Versions of this overlay license method have been articulated by, among others, now-FCC chair Jessica Rosenworcel. It has been described as a “promising mechanism” by the Commerce Spectrum Management Advisory Committee’s Spectrum Efficiency Subcommittee.
NTIA Query 3. NTIA is pursuing a time-based spectrum sharing solution called the incumbent informing capability (IIC) to support spectrum sharing between federal and non-federal users. What are some recommendations for developing an enduring, scalable mechanism for managing shared spectrum access using the IIC or other similar mechanism, with the goal of increasing the efficiency of spectrum use?

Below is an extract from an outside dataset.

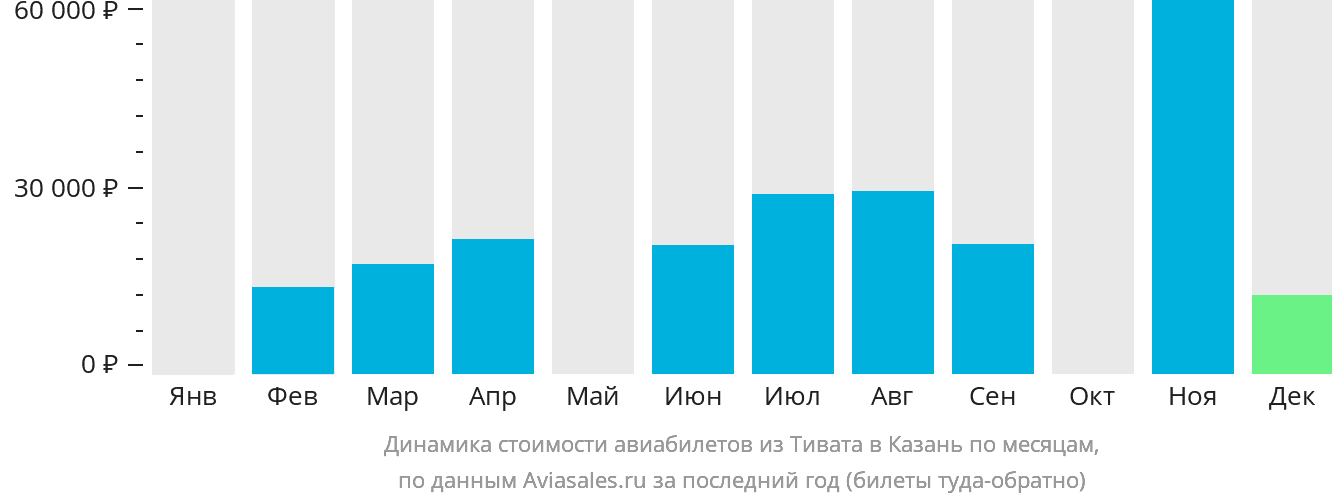 Динамика стоимости авиабилетов из Тивата в Казань по месяцам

Intra-organization “time-based spectrum sharing” is routinely accomplished via orthogonal frequency division multiplexing and other technologies. However, forcing agencies and operators into, in contrast, inter-organization time-based sharing techniques will likely face significant resistance and problems due to differing technologies, use cases, and valuations of the underlying spectrum. A better approach to increase efficiency is to allow payment and spectrum trades between organizations (like agencies and commercial operators). However, in my article, I point out that, under current law, federal agencies generally cannot sell or transfer their spectrum to commercial users, thus locking spectrum resources into inefficient federal systems and creating a starvation mindset among all spectrum users. NTIA should examine changes needed in federal law to allow federal agencies to gain a substantial cut of auction proceeds when “their” spectrum is auctioned for commercial uses.
This, and the other responsive analysis can be found in the article attached below. Thank you for the opportunity to comment in this proceeding.